What is expected:
Please return the lines below verbatim, beginning at the one that has "Fashion Versatile Tote" and stopping after the one that has "4 CLOVER COURT Image 6", and add no other lines.

Provided information:
···

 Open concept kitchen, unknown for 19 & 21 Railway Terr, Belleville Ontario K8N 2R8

···

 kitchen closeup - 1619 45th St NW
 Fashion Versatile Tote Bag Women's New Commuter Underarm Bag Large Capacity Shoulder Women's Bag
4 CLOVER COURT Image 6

···

Solution to this task:
 Fashion Versatile Tote Bag Women's New Commuter Underarm Bag Large Capacity Shoulder Women's Bag
4 CLOVER COURT Image 6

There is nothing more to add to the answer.